Task to carry out | Please copy, exactly and with no pictures, only the lines from the one containing "Quinta Do Sr. Cabrita Daire *" through the last line of the records.

Task input |

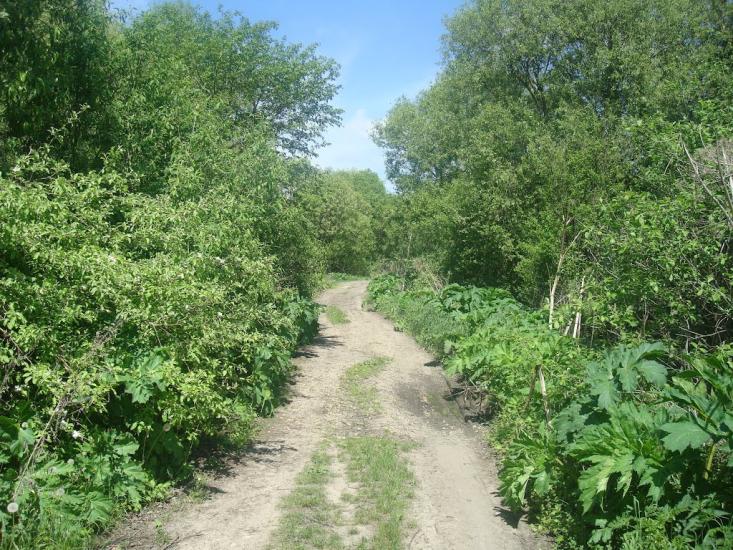 Мацьківці з panoramio.com - Мацьківці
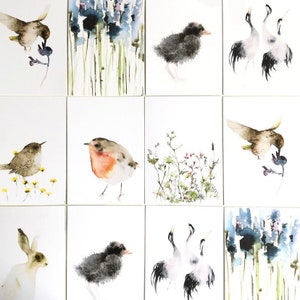 Set of Nature Postcards, Mix and Match Postcards, Postcard Set Birds image 1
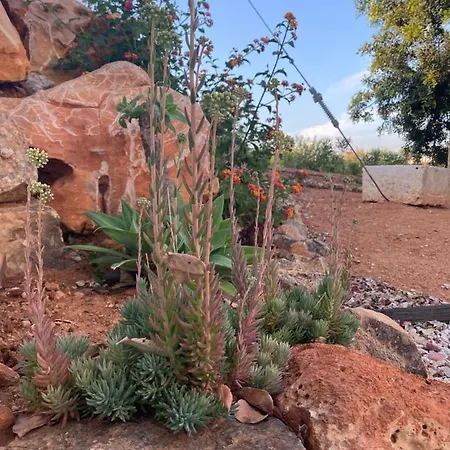 Quinta Do Sr. Cabrita Daire *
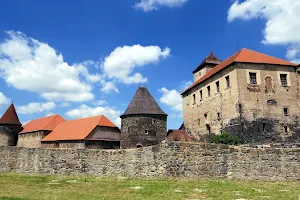 Water Castle Svihov image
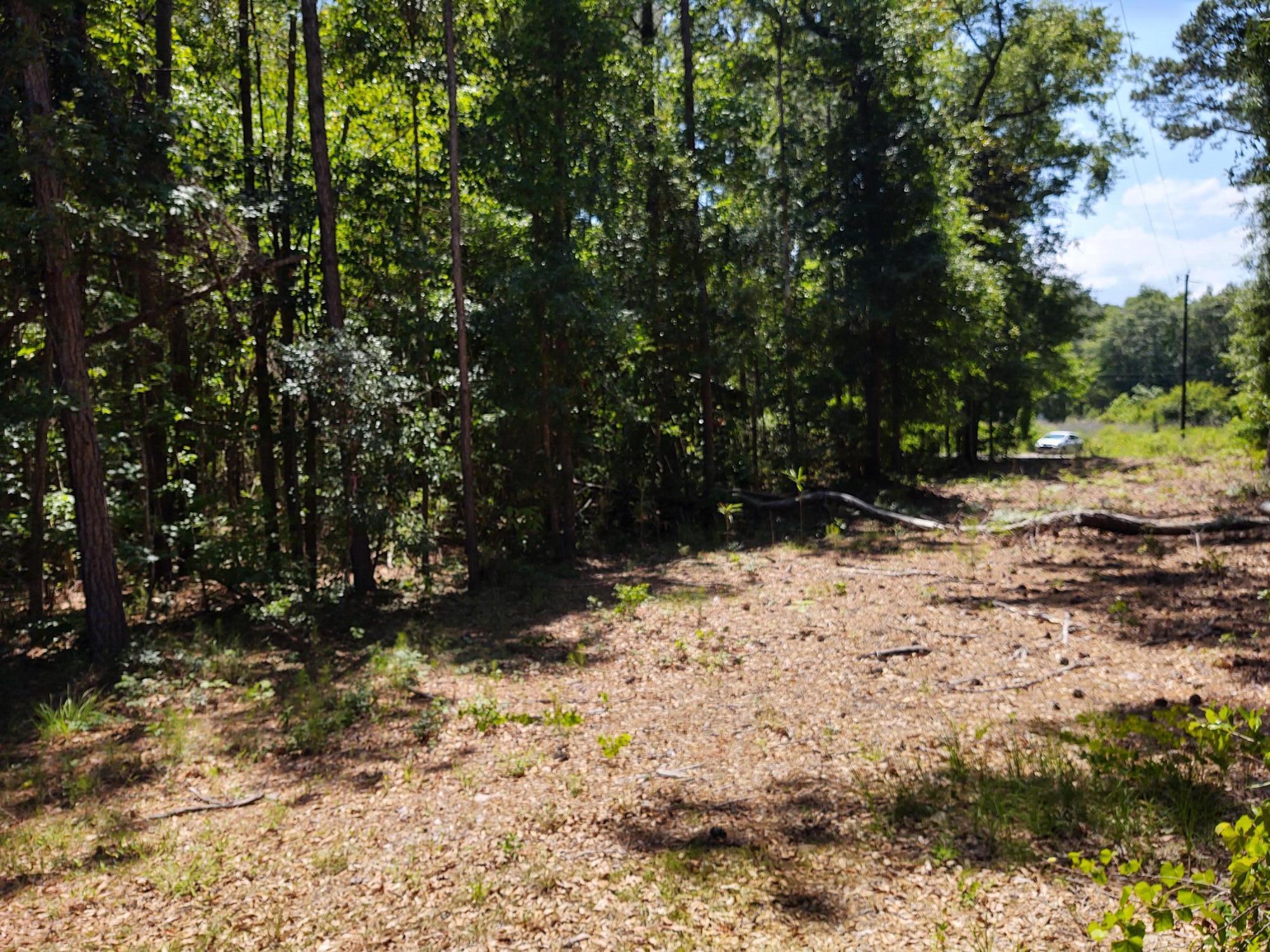 0 Slans Island Road Hollywood, SC 29449 - Photo 1 of 8 IMG_20210521_142644619_HDR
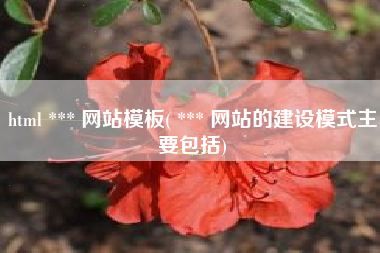 html *** 网站模板( *** 网站的建设模式主要包括)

Output below |
 Quinta Do Sr. Cabrita Daire *
 Water Castle Svihov image
 0 Slans Island Road Hollywood, SC 29449 - Photo 1 of 8 IMG_20210521_142644619_HDR
 html *** 网站模板( *** 网站的建设模式主要包括)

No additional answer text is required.